This is a hard problem in general. There are specific cases, or degenerate ways of applying the submodule contents, that make it easier. One compromise—which may or may not be good enough—is to simply combine the two commit histories into one repository, then make some slightly-scary transformations using either git filter-branch
, or just an automated git replace
(though using, or abusing, git replace
like this is likely to result in performance issues).
Here's the basic situation, i.e., what you need to know, as mental tools, before you think about generalizing the problem. Each repository contains a commit graph: a DAG of commits, with various entry points into the graph found, and hence preserved, by branch names. The superproject's commits have, in each commit that uses the submodule, a reference to one of the submodule's commits. These references are in "tree" object, as entries of type gitlink. Git does not actually inspect them when it comes to retaining commits, since they are assumed to identify commits in some other repository (the submodule).
You can easily use git fetch
to fetch the entire submodule's graph into the superproject repository, changing the submodule's branch names into different names in the superproject. (The default for git fetch
is to produce remote-tracking names, but with a bit of sneakiness, you can easily use an alternative namespace. For the solutions I propose, remote-tracking names are fine anyway.) The result, though, is just that you have two otherwise disconnected DAGs. The superproject commits still just have trees with gitlink entries that refer to commits in the other DAG. Those gitlink entries will not keep the commits reachable, so you must retain both sets of names. Except for having all commits contained in one repository database, this is really no improvement at all (and it might be worse as it is now hard to work with).

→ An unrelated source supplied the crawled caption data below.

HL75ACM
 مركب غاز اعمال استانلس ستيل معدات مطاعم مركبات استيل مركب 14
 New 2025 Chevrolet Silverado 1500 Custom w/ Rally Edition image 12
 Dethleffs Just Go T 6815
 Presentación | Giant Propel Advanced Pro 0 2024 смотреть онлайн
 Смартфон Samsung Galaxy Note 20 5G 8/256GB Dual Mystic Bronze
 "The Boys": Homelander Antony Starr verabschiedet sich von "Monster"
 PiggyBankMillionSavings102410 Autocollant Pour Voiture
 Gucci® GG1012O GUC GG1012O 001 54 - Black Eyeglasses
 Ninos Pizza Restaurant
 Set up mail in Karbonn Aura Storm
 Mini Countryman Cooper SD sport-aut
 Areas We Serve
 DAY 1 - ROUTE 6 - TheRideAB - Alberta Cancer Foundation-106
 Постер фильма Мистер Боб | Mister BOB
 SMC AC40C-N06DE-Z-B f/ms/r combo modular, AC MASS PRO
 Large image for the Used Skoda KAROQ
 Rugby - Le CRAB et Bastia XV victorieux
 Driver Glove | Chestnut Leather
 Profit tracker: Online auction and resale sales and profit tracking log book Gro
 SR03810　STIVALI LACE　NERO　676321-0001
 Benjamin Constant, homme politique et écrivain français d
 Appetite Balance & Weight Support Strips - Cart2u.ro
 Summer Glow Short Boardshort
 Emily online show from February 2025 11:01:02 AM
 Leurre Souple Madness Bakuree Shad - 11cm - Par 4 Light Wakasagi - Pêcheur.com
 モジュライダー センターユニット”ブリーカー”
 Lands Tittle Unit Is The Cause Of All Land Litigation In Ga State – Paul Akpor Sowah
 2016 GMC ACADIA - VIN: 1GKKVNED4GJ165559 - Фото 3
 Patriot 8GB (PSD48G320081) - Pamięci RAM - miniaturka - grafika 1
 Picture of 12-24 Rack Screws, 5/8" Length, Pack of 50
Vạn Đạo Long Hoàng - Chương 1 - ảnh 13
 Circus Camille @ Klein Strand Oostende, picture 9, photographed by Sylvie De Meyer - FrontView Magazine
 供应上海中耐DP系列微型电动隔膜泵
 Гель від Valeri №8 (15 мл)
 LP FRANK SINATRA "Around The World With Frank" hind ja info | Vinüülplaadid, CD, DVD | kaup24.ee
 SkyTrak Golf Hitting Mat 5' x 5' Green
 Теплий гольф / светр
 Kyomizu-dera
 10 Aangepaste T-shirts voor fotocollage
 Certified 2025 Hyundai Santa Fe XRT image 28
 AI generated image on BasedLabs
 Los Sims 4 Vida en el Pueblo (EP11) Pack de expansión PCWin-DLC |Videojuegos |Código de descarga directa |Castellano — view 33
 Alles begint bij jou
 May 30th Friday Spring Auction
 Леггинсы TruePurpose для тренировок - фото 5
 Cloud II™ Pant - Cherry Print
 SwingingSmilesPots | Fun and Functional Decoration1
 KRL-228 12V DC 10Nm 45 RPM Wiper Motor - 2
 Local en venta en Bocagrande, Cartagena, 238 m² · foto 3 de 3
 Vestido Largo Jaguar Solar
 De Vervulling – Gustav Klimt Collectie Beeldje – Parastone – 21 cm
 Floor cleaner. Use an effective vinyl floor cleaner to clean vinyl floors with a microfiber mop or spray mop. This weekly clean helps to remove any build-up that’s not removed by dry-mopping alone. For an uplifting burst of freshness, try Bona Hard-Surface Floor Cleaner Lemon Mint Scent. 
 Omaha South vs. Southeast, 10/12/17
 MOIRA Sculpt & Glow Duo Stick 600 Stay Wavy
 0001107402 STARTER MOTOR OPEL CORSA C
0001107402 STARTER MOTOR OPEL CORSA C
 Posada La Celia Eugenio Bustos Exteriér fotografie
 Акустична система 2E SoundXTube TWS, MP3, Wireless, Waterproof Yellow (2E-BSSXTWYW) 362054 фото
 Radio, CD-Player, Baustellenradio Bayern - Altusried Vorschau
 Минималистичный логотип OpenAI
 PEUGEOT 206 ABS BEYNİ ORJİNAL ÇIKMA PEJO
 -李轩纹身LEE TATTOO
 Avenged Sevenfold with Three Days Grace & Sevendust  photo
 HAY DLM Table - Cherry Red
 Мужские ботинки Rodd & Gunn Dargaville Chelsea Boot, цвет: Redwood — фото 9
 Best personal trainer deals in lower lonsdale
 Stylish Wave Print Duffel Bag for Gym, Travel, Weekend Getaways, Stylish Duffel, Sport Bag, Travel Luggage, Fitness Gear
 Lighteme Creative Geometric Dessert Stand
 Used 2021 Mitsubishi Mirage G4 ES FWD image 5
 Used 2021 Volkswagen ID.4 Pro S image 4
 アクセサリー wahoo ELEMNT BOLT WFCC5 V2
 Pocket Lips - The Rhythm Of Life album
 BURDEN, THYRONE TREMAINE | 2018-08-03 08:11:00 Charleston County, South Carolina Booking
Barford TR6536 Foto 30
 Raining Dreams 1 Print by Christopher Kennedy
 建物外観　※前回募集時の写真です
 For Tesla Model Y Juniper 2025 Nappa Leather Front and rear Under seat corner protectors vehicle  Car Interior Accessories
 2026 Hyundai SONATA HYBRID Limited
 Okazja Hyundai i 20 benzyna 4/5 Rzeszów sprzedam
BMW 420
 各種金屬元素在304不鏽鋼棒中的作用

Here's the general problem: What Git stores is (are?) these commits. There is no separate item that we can call "the history"; the history in a Git repository is (are?) the commits in the repository. We can see, visually, the problem if we draw the commits. Let's simplify it to just five commits, A
through E
, in the superproject. The uppercase letters stand in for the actual hash IDs (which are useless to humans):
A--B--C <-- master
\
D--E <-- dev
Now let's put six commits in the subproject, using lowercase letters since it's the subproject:
a--b--c--d <-- master
\
e--f <-- issue213
Some superproject commits—maybe all of them, but for simplicity, let's say just C
and E
—have inside them references to some of the subproject commits, so if we yank all of the submodule's commits into the superproject, using names sub/*
to remember the branch tips, we get this:
A--B--C <-- master
\ :
D÷-E <-- dev
: :
: :
: :
: :
a--b--c--d <-- sub/master
\
e--f <-- sub/issue213
Suppose we now, somehow, replace commits C
(with its gitlink to b
) and E
(with its gitlink to d
) with commits whose trees have actual, direct references to the tree objects for commits b
and e
. Let's call these commits C'
and E'
. This is technically possible in Git—we just make the new commits C'
and E'
with the trees we want, that use the trees in b
and d
respectively, then change the names master
and dev
to refer to commits C'
and E'
. If we drop the sub/*
names, we have this:
A--B--C' <-- master
\
D--E' <-- dev
and if we now git checkout master
we will get a nice work-tree full of what was in the original C
plus what was from the submodule, obtained from its commit b
that the original C
used, as we can see from our diagram.
Similarly, if we now git checkout dev
we will get a nice work-tree full of what was in the original E
plus what was from the submodule, obtained from its commit d
.
The trees in this new modified repository contain all the sources for the snapshot that you'd get by checking out C
-and-submodule, or E
-and-submodule. But the commits that were in the submodule, i.e., the history of d
leading back to c
leading back to b
leading back to a
, plus the entire issue213
branch consisting of f
leading back to e
leading back to c
... well, those commits are gone! There is nothing to represent them any more.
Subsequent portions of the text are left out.